I’m not your friend anymore…until it’s time to play xxx


Children say the darndest things. They say cute and funny things but they also say some really mean things. Emma has a friend Olivia. Olivia is one year older than Emma and they love each other dearly. Most of the time. Yesterday morning Emma and Olivia were playing together and if anyone asked (and even if they didn’t) Olivia introduced Emma as her baby sister. Olivia is blonde…Emma isn’t.

In good times, they are inseparable. Emma worships the ground Olivia walks on and it shows. In bad times, well let’s just say, they’re bad. Yesterday I had the pleasure of having both of them in my company and they were playing and chatting together until Emma did something Olivia didn’t like. Olivia told Emma in no uncertain terms that they weren’t friends anymore and exited stage right (in other words, very dramatically). Emma got up to follow and Olivia turned round and said “You’re not allowed to follow me. You’re not my friend!” I sat and watched Emma’s little heart break. Tears poured down her cheeks and she sobbed.

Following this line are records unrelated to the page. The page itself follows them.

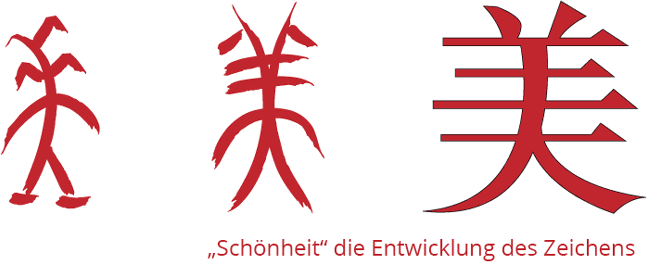 Entwicklung chinesischer Zeichen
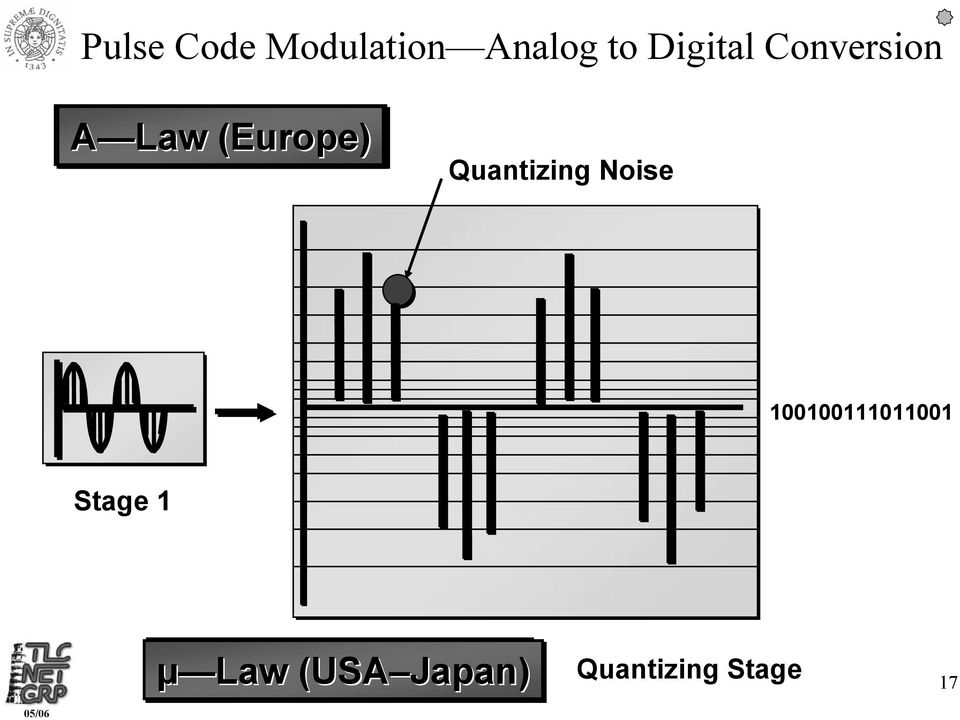 Quantizing Noise 100100111011001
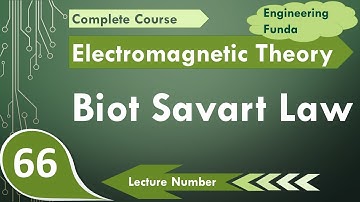 Biot Savart Law for Magnetic Field Intensity | Magnetism | Electromagnetics Theory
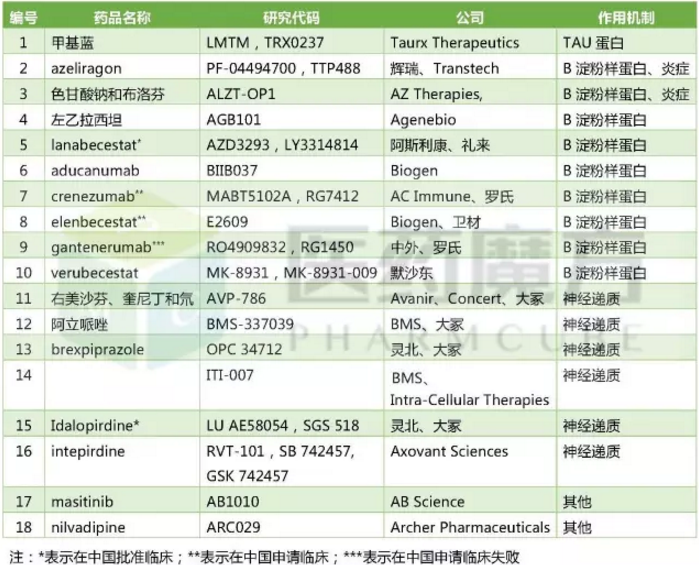 ca88_ca888亚洲城登录入口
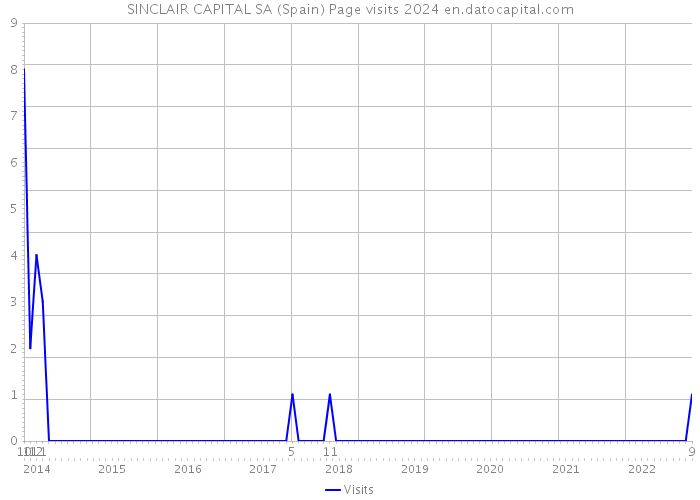 SINCLAIR CAPITAL SA (Spain) Page visits 2024 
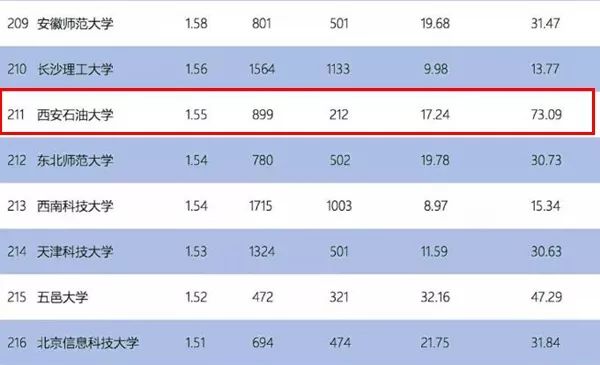 教育部发布！在这个重要榜单中，西安石油大学表现亮眼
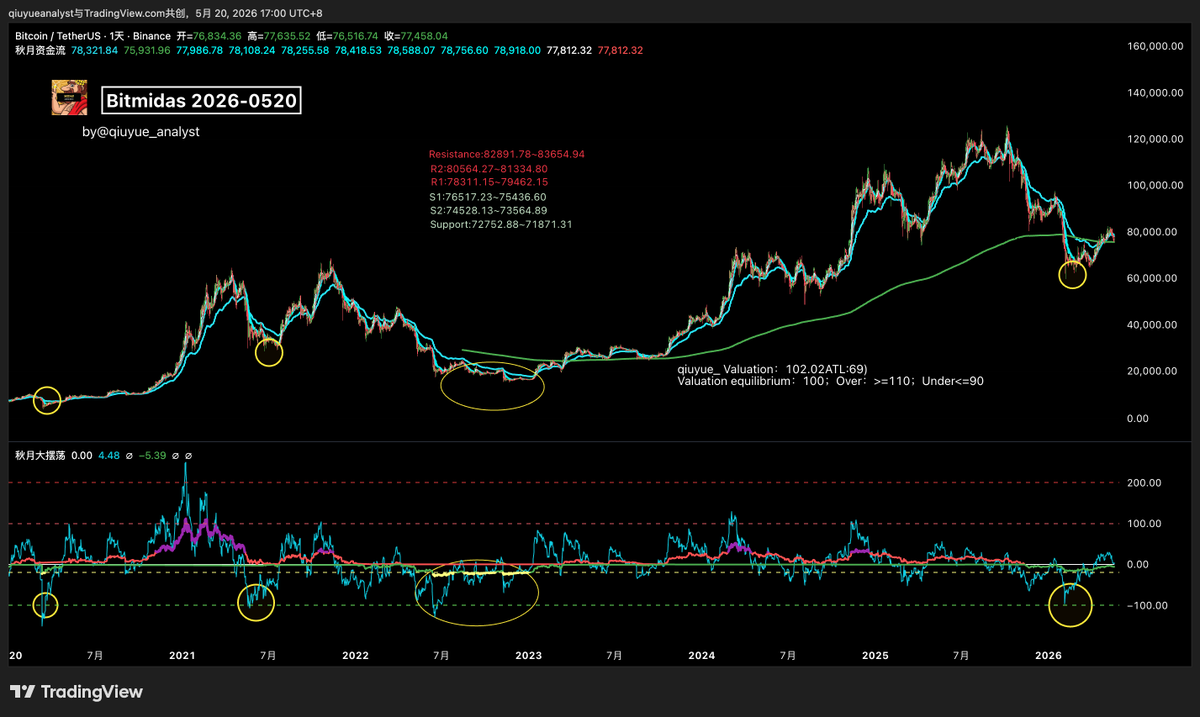 BitMidas's tweet photo. #BTCUSDT Analyst 2026-0520 https://t.co/JJzWm0GlfM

The mother in me wanted to get involved but somehow I knew I shouldn’t.

Soon Emma had found another group of people to entertain. She was singing and clapping her hands. Laughing and talking, without a care in the world. A short while later Olivia was back, calling Emma to play with her. My natural instinct as an adult was to step and say “No, don’t go. She made you cry just now” but I didn’t. Again I let the situation happen as it should. Off Emma went and once again they were BFF’s. Hand in hand they ran around, kissed, swapped sweets and just like that their friendship was as tight as their hugs.

And that’s when it dawned on me that children know a lot more than us adults. Grown ups would never dare tell someone that they’re not their friend any more. It just wouldn’t be right. But we’ll gladly tell other friends and friends of those friends that we’re not XXXX’s friend anymore. We like to hold onto grudges as if they’re the last got-to-have-fashion item on the sale rack. And then like the fashion item, it gets put away safely in the closet. We wear it occasionally for everyone to see. We wash it, iron it and out it back in its safe place. We won’t get rid of it just in case we need it one day, and so, like a grudge, it stays with us forever.

We dwell on the hurt people cause us. We revel in in the unhappiness for days, months, years. We think back to what was said and how it was said. We look forward to seeing that person in the future and really ‘giving them the what-for’. We’re never in the now. We’re looking over our shoulder and way into the distance, never seeing the person standing right in front of you. Sorry and hurting too. Apparently us wise old folk like honesty, but the truth is we can’t handle it. We take offence when someone unfriends us on Facebook or stops following us on Twitter. We, as adults, don’t practice what we preach.

We could all learn a lesson from the kids in our lives – they say what they feel, they remove themselves from the situation (for a short while) and then they come back. If they tell anyone about what happened it’s normally loud and with the unfriended friend close by. But in a blink, everything has been forgiven and forgotten and the ex-BFF’s are BFF’s once again…because really when you think about it there isn’t any time to wallow in the mire when there’s hiding and seeking to be done.